Demons organized themselves into factions, most bound by bloodline, each claiming their own territory. Different factions had different appetites — some demanded fresh meat, some demanded women, others wanted valuables.
Among them was a pack of Dog Demons, and this pack had the closest ties with Shen Yi. Their patriarch was a massive old yellow dog who styled himself the Yellow King.
“Open it.”
Shen Yi gestured with his chin.
Chen Ji pushed open the wooden door.
The narrow room beyond was soaked in a dark, nauseating red.
Dim light. On the table, a body had been methodically taken apart — the pieces stacked with almost surgical neatness.

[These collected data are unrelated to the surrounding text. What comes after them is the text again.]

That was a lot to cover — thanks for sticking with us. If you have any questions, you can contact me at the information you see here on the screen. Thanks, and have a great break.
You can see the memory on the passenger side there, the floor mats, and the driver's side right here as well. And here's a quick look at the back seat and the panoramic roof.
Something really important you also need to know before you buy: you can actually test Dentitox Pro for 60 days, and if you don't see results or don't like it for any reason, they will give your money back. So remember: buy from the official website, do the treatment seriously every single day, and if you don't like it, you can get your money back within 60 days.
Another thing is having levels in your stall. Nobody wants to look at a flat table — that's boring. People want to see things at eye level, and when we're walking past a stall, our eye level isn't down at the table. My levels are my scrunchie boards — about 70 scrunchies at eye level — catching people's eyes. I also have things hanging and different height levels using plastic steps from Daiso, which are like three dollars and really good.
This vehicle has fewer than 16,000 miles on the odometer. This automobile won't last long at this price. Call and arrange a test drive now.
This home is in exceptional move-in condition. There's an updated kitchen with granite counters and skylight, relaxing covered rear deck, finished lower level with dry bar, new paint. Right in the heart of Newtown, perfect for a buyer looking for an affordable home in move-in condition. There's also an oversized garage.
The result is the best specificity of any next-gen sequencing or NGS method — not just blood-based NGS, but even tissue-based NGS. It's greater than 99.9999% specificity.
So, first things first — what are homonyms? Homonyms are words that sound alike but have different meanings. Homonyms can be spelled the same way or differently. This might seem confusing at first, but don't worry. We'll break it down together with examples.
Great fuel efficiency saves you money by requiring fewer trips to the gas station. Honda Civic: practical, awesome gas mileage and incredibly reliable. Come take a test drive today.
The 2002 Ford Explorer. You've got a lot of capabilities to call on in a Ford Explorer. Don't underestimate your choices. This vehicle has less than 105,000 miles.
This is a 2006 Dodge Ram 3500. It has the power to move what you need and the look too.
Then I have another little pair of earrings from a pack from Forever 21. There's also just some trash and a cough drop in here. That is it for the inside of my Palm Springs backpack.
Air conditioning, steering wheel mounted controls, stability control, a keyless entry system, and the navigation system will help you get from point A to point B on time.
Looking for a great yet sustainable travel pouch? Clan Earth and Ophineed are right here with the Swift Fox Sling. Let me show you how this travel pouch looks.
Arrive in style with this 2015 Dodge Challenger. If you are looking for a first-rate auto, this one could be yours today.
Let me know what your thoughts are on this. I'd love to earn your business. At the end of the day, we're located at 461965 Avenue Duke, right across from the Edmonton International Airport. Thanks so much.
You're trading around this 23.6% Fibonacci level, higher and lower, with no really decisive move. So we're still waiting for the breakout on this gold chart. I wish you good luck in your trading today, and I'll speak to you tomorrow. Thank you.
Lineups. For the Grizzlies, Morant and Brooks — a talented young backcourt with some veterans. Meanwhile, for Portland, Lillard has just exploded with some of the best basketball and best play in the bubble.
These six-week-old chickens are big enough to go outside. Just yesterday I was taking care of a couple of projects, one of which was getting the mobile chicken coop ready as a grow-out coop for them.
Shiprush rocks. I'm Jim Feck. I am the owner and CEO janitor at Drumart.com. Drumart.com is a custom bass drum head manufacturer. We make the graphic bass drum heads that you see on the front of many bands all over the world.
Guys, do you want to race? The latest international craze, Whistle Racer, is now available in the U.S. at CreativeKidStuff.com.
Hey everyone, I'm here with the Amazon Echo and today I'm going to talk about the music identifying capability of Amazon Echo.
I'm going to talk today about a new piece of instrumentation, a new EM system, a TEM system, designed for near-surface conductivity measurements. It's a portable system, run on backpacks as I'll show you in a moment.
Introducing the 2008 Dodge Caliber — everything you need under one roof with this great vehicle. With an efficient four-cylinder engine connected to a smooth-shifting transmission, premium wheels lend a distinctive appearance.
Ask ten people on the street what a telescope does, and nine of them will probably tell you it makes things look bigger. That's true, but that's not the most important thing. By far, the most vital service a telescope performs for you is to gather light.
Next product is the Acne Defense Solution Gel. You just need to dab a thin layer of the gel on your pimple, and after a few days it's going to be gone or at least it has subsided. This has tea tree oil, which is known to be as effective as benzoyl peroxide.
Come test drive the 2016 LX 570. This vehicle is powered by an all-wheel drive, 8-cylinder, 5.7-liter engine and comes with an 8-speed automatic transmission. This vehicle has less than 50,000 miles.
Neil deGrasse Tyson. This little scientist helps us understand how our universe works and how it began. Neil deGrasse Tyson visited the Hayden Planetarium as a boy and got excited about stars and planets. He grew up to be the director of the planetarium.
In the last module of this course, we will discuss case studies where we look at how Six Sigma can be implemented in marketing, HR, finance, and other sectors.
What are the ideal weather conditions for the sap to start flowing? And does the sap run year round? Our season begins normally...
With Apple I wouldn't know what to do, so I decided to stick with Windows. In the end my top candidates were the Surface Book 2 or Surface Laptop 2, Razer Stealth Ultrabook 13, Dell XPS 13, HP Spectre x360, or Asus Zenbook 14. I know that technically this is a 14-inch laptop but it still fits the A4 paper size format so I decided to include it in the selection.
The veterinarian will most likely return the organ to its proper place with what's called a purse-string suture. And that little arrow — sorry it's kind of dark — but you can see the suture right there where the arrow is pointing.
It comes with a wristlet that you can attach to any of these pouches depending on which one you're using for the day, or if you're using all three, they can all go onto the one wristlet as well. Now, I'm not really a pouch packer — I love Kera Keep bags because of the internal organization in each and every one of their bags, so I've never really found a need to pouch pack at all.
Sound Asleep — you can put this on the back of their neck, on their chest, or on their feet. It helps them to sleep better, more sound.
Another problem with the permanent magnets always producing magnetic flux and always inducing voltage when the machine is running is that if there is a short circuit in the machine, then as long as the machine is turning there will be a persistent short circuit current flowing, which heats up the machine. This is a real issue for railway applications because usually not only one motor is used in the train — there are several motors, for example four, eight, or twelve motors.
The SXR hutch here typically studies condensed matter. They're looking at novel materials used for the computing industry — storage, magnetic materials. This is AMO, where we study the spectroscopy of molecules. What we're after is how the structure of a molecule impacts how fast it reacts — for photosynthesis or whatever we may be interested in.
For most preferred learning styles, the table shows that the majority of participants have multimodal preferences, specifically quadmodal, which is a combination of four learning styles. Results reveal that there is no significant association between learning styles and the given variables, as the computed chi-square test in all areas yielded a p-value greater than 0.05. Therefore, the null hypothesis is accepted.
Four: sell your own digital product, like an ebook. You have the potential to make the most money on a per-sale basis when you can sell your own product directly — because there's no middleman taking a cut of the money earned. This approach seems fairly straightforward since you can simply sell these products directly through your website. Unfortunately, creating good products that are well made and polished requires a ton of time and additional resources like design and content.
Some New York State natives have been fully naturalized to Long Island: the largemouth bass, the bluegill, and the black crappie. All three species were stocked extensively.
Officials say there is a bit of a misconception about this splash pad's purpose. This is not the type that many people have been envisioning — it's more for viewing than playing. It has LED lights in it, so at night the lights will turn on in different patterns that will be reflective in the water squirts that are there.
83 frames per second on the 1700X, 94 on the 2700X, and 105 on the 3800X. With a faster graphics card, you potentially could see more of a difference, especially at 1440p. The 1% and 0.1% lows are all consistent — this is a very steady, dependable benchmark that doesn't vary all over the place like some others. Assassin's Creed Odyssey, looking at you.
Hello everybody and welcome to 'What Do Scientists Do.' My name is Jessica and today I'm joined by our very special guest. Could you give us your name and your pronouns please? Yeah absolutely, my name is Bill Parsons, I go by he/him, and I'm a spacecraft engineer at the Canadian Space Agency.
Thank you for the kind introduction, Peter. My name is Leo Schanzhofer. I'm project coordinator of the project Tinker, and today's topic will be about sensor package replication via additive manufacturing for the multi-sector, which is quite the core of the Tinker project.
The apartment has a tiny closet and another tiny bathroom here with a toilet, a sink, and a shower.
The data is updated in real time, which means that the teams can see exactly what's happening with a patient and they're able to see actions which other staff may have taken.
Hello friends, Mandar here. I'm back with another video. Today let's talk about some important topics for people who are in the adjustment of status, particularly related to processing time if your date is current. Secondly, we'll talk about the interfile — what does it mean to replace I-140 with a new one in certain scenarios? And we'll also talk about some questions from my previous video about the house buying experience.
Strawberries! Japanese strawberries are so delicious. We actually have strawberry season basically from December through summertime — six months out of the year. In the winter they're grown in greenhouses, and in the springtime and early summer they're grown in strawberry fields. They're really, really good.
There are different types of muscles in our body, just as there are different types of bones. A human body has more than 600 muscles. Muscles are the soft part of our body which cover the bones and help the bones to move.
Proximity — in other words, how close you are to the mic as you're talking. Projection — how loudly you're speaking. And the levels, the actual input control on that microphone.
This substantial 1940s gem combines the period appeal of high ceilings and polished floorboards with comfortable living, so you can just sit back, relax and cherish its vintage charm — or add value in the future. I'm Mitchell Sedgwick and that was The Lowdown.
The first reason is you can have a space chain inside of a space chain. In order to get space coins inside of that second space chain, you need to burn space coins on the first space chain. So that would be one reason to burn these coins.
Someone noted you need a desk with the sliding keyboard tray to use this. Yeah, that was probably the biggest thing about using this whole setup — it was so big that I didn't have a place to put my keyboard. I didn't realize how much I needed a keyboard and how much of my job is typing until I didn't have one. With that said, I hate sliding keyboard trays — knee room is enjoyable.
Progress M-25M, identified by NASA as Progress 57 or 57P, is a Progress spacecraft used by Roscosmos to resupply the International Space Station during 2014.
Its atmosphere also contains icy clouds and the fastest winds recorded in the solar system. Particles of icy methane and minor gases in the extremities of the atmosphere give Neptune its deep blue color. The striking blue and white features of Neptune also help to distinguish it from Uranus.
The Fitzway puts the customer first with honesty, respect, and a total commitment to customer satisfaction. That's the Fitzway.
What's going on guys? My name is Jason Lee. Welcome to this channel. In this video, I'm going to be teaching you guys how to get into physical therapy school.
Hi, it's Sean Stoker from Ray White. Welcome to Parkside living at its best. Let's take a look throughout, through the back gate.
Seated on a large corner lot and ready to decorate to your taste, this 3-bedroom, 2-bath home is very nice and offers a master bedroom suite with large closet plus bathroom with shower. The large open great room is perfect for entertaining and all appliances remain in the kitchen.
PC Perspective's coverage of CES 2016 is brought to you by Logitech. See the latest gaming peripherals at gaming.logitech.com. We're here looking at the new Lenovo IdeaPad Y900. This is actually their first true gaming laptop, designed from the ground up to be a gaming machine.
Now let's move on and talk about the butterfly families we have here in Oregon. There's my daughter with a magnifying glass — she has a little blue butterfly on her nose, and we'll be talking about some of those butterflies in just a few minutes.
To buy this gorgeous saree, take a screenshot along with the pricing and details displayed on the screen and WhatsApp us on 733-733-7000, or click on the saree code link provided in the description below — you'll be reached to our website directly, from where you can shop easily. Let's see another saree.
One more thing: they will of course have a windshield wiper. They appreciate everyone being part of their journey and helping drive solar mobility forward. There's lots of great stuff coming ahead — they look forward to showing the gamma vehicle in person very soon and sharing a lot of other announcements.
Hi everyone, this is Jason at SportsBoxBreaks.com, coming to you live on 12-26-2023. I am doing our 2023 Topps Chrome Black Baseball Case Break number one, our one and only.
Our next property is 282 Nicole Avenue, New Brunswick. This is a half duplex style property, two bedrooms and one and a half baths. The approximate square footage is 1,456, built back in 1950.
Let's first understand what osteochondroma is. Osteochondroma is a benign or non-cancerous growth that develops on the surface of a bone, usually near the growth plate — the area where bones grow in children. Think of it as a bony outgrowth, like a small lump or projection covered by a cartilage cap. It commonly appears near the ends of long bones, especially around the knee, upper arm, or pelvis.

What didn’t fit on the table had been threaded onto straw rope and hung from the rafters.
A Dog Demon sat on the edge of the bed, holding a large thigh bone in both hands, chewing rotten flesh with the blank patience of someone eating lunch.
Its eyes were sharp — the watchful eyes of a loyal guard dog.
When it registered who had walked in, those eyes softened slightly. “Well. Didn’t expect to see you here.”
Shen Yi stepped inside, breathing through the stench, glancing around the room without hurry.
Chen Ji had already seen this scene once. It didn’t matter. Stepping back into that room, the face beneath his hat twisted despite himself. His hand found the hilt and started shaking — and three inches of blade cleared the scabbard before he caught himself.
His talent was real. Three years, and he’d already driven the Commander’s martial arts to Minor Mastery — more than enough to take on this demon. He’d probably win. Barely.
The reason he’d held back earlier and returned to report rather than fighting was twofold: his sister at home, and the Yellow King standing behind this demon. Strike recklessly, and whatever came next would be far worse.
Then a steady hand reached over and quietly pressed his blade back into its sheath.
Chen Ji looked up at Shen Yi’s profile, waiting.
Whatever else this man was — however rotten his soul — surely at the sight of a fellow human being’s remains arranged like cuts of meat on a butcher’s table, some flicker of feeling had to surface.
Shen Yi looked at the Dog Demon at last.
His eyes were flat. Unreadable. And then, slowly, the corners of his mouth curved upward, revealing a clean row of white teeth.
He smiled.
Chen Ji’s heartbeat went quiet. He looked away, dropping his gaze to the floor, unwilling to watch whatever pleasantries came next.